On Monday Amazon said it would put up to $25 billion more into Anthropic, the maker of Claude. Some $5 billion goes in now at a $350 billion valuation and another $20 billion follows when certain commercial milestones are hit, according to the announcement from Amazon.

That takes Amazon's total commitment to Anthropic to around $33 billion when the earlier $8 billion is included.

The same announcement also said Anthropic has committed to spend more than $100 billion on Amazon Web Services over the next ten years, securing up to five gigawatts of Trainium chip capacity to train and run Claude.

In other words, Amazon invests into Anthropic, Anthropic spends the proceeds with Amazon which then books the compute revenue on its AWS segment.

That same type of deal happened eight weeks ago with OpenAI, where Amazon committed $50 billion to OpenAI at an $840 billion valuation, and OpenAI separately committed $100 billion of AWS spend over eight years. The terms were set out in OpenAI's own announcement at the time.

What to take from this...

The term the market is using is circular financing.

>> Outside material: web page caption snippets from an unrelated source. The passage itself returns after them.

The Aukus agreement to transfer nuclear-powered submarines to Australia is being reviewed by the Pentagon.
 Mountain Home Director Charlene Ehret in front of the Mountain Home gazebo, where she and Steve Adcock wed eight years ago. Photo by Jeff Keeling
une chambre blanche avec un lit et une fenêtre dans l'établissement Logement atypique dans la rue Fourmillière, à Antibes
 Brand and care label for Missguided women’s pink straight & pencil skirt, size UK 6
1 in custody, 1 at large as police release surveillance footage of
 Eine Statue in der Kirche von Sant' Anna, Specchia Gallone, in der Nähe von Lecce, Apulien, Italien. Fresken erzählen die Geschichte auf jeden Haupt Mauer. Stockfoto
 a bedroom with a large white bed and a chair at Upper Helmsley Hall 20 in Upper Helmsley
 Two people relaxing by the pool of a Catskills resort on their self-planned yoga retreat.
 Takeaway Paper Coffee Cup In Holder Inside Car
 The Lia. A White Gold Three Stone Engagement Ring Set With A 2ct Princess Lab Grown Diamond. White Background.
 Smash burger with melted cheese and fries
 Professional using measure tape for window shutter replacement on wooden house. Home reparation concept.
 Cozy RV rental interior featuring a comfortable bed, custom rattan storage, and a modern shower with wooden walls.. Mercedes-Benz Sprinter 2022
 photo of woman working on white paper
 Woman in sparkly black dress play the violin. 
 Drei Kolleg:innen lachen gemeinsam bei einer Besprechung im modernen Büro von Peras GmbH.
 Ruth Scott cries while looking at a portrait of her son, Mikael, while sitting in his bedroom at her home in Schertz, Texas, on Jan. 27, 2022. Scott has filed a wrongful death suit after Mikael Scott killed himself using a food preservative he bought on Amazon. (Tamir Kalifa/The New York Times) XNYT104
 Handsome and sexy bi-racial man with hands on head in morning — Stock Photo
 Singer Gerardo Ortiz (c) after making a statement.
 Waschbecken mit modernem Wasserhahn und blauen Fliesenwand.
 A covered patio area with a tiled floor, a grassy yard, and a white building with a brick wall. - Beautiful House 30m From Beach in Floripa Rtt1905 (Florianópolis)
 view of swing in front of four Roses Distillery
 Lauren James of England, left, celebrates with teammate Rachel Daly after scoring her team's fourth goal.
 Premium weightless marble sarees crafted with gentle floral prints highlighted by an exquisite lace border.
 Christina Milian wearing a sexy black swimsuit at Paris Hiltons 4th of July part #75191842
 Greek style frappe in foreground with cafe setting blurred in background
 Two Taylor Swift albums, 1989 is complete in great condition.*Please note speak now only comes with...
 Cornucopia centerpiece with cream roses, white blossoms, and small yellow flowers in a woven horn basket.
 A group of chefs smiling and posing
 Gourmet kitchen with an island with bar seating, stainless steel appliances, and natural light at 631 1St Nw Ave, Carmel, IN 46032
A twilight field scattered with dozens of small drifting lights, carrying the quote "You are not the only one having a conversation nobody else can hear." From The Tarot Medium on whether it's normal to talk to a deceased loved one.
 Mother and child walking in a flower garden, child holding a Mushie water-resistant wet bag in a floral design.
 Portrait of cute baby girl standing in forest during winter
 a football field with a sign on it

The companies are using their unique leverage to create value together.

In this case, cloud providers and chip makers take equity stakes in AI labs, the AI labs sign enormous long-term compute contracts with those same providers and the revenue from those contracts helps justify further capital expenditure and a higher share price for the investor.

Dario Amodei, CEO of Anthropic, has defended the structure publicly, saying that one player has capital and an interest in selling chips while the other is confident it will have the revenue to pay for them in time but does not yet have $50 billion in hand, so the arrangement is a rational way to bridge that gap.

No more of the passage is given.